> **Material to process**
== Segment start ==
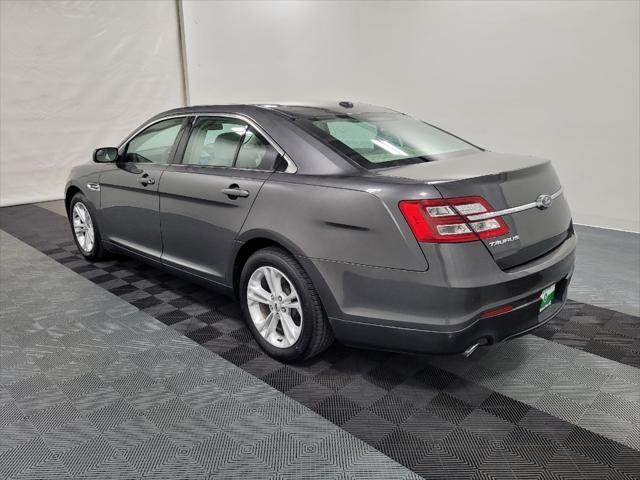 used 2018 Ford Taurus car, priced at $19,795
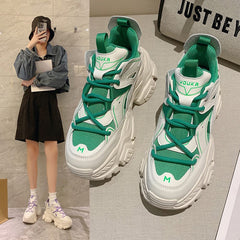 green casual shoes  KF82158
== Segment end ==
== Segment start ==
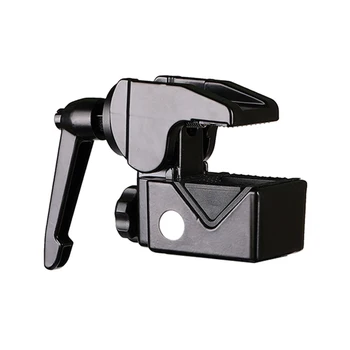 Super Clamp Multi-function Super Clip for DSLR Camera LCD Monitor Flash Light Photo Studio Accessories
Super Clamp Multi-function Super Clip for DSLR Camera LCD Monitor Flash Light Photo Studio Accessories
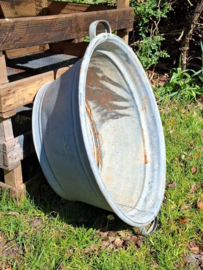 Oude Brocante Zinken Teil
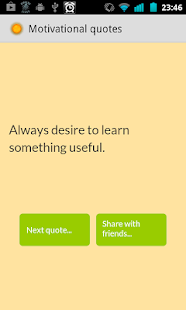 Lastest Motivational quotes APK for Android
== Segment end ==
> **Task**
Copy exactly the material above from the line with "used 2018 Ford Taurus car, priced at $19,795" to the line with "green casual shoes", ends included, and nothing else. Leave out any picture.

> **Result of the exercise**
 used 2018 Ford Taurus car, priced at $19,795
 green casual shoes  KF82158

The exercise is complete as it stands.